Hacker News new | past | comments | ask | show | jobs | submit login
Indexing JSON logs with Parquet (vistarmedia.com)
60 points by vistarchris on Dec 27, 2016 | hide | past | favorite | 20 comments



parquet would be a lot more interesting if it could be freed from all the java/hadoop/spark baggage.

I don't want hadoop. I don't want spark. I don't want drill. I don't want presto.

I don't have big data. I do happen to have a few hundred gigabytes of compressed csv files which would likely be a lot faster to slice and dice if they were stored in a compact column format.

The other day I did something like

  $ zcat logs/*.gz | cut -f 3,5 | fgrep -w 23 | count_distinct
It took about 30 minutes on a single machine, mostly from the IO/decompression overhead.

All I want to do is something like

  $ zcat logs/*.json.gz | json2parquet parquet_logs
  $ parquet-filter --output-fields src dport=23 parquet_logs | count_distinct


I can see why you'd want to keep it non-Java and simple. I will admit that I am biased since I work with Spark all day, but I think you'll eventually want to write a query where you wish you had Spark SQL or could manipulate it as a Spark RDD.

Spark actually isn't too painful for this because you can run it locally in a single process. It is not exactly as elegant as the UNIX way you outline in your second example, but it isn't as horrifying as submitting a YARN job or spinning up a cluster.

In spark-shell:

    // Skip this conversion if you're just running one query. Do it if you're running many.
    spark.read.json(input paths).write.parquet("/target/path")  
    spark.read.parquet("/target/path").createOrReplaceTempView("logs")
    spark.sql("select count(distinct src) from logs where dport = 23").show()
The incremental conversion of your JSON data set to Parquet will be a little bit more annoying to write in Scala than the above example, but is very much doable. There is also a small amount of overhead with the first spark.read.parquet, but it's faster on a local data source than it is against something like S3.

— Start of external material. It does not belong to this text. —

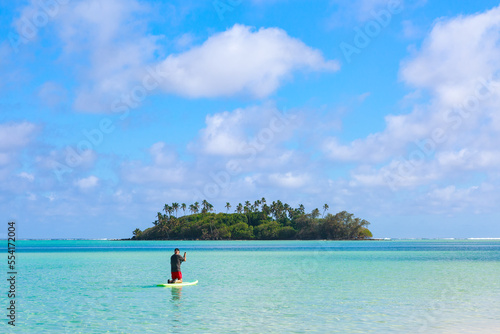 Man paddleboarding towards a tiny tropical island in the middle of a big lagoon. Photographed at Muri, Rarotonga, Cook Islands photo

Yeah.. I agree. It's not really that I don't want to use spark, it's more that I don't want to have to use spark just to convert some data files.

If I can write a short tool that wraps the

  spark.read.json(input paths).write.parquet("/target/path")
As

  spark.read.json(argv[1]).write.parquet(argv[2])
and then use it like

  json_to_parquet /logs/json/2016-12-28.gz /logs/parquet/2016-12-28
or something, that would work.

I just wish there were some more cli friendly tools for the cases where the grep | cut | sort pipeline works, but you'd like to just make it a bit more efficient.


Not directly related to your question, but I suspect pigz and gnu parallel would dramatically speed up your current command-line technique, if you are on a multi-processor machine.

Also you might put export LC_ALL=C before fgrep, since you are searching for simple ascii characters.

I presume your cut is required because of other potential row conflicts, so one last thing you might test is the timings of putting cut after the fgrep instead of in front of it. This can be counter-intuitive but might make a difference for you.

If you are using sort to do your "count_distinct", try to make sure that sort's temporary files are on a different hard disk from the files you are reading.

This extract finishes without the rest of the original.